Isto não quer dizer que a parte técnica tenha ficado em segundo plano. Pelo contrário. Não há um único frame em que o brilhante trabalho de Alessandra Querzola (cenários), Dennis Grasser (direcção artística) e acima de tudo Roger Deakins (fotografia) não seja uma obra de arte. Os ambientes criados por Grasser são tão poderosos que ficaria muito surpreendido que não estejam já a cravar o seu nome numa estatueta, a ser entregue lá p’ra março. Há em todo estes campos um claro respeito pelo filme original que nos transportam para os poluídos e radioactivos cenários pós-apocalipticos com grande mestria. Também a banda sonora é uma ode de Benjamin Wallfisch e Hans Zimmer às pautas de Vangelis, que nos acompanham durante as quase três horas de ação em passo lento, que nunca sentimos que se arraste.

A dinâmica Gosling/Ford dentro e fora do ecrã é evidente e deixa-nos a querer voltar a repetir a dose. Indiana Jones 5? (wink, wink, nudge, nudge, say no more). Do resto do cast, destaque para Ana de Armas e, principalmente, Sylvia Hoeks, que tem eventualmente a melhor performance do filme.

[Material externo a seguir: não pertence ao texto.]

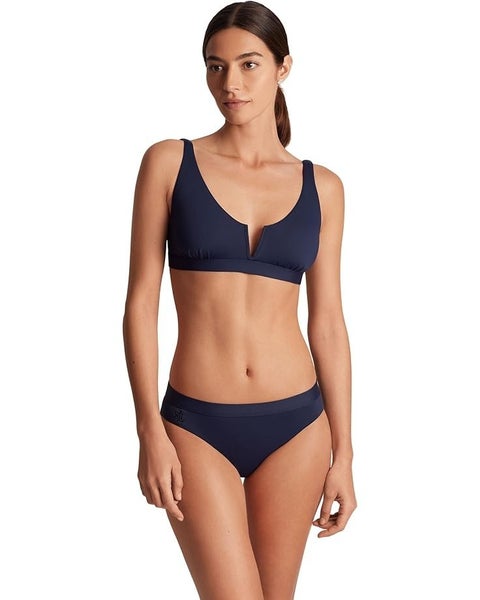 Lauren Ralph Lauren Beach Club Solid Band Bottom Women's 14 Navy Swimwear TLW555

Nem todos saberão, principalmente os mais jovens, mas o lançamento de Blade Runner em 1982 esteve longe de ser um sucesso. Só o tempo, e principalmente as duas novas edições de Riddley Scott em 1992 e 2007 (onde finalmente conseguiu retirar algumas imposições da distribuidora), elevaram o filme ao topo das listas da maior parte dos cinéfilos. A verdade é que ainda hoje é actual, apesar de que por esta altura já será seguro dizer que não vamos ter pods voadores daqui a dois anos. O estado pós-apocalíptico e a existência de seres não humanos, não meto a minha mão no fogo.

Como fã entusiasmado com o que vi, e, acima de tudo, aliviado por não assassinar uma das minhas melhores memórias cinematográficas, dou nota máxima, não porque ser igual ou melhor que o original (não é), mas porque é o melhor que vi este ano, ali com o Logan, Dunkirk e Baby Driver nos calcanhares.. Se ela é correcta ou não, só o tempo irá confirmar.